In 2003, Gallery Chemould in Bombay commemorated its fortieth anniversary with an exhibition spanning four generations of Indian artists. The exhibition, titled 'crossing generations: diVERGE,' was co-curated by Geeta Kapur and Chaitanya Sambrani, with over 50 artists' artworks on display at the National Gallery of Modern Art in Bombay.
The curatorial note by Geeta Kapur and Chaitanya Sambrani states: 'diVERGE presents an adventure of crossings and sign-posts them to point in both, and in many, directions at once. It presents smooth and awkward crossovers on unevenly charted routes.
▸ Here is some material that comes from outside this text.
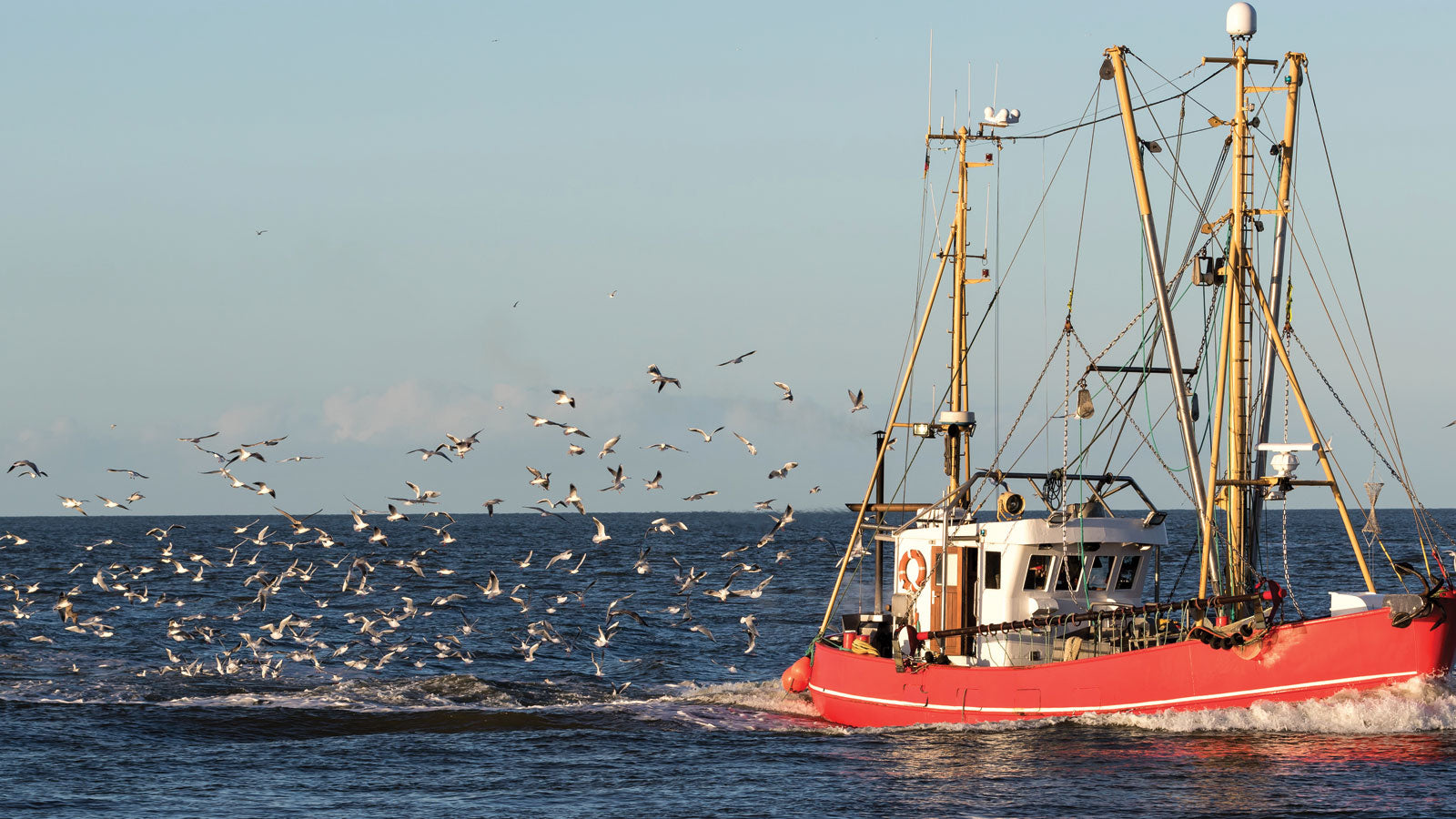 What is “Sustainable” Seafood? Expert Guides Consumers on How to Select the Right Fish Blog image by Get Maine Lobster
We hope to configure artworks to explore what these new meanings might (and might-not, after all) be in what is undoubtedly a most volatile moment for Indian contemporary art.'
Participating Artists included Tyeb Mehta, S.H. Raza, V.S. Gaitonde, Bhupen Khakhar, Arpita Singh, Gulammohammed Sheikh, Jogen Chowdhury, Gieve Patel, Sudhir Patwardhan, Nasreen Mohamedi, Nilima Sheikh, V. Vishwanadhan, Prabhakar Barwe, Rummana Hussain, Pushpamala N., Navjot Altaf, Atul Dodiya, Anju Dodiya, Mehlli Gobhai, Shilpa Gupta, Subodh Gupta, N.S. Harsha, Ranbir Kaleka, Jitish Kallat, Reena Saini Kallat, Amar Kanwar, Bharti Kher, Sonia Khurana, Riyas Komu, Shakuntala Kulkarni, Shantanu Lodh, Kaushik Mukhopadhyay, Shibu Natesan, Priti Paul, Gargi Raina, N.N. Rimzon, Sharmila Samant, Tushar Joag, T.V. Santosh, Gigi Scaria, Ketaki Sheth, Sudarshan Shetty, Dayanita Singh, Vivan Sundaram, Surekha, L.N. Talllur, Vasudha Thozhur and Hema Upadhyay.
On the eve of the exhibition, The Perfect Frame, a book by Karin Zitzewitz, was released. The book documents Kekoo Gandhy's crossing of generations and his participation in the modern Indian art scene over the past four decades.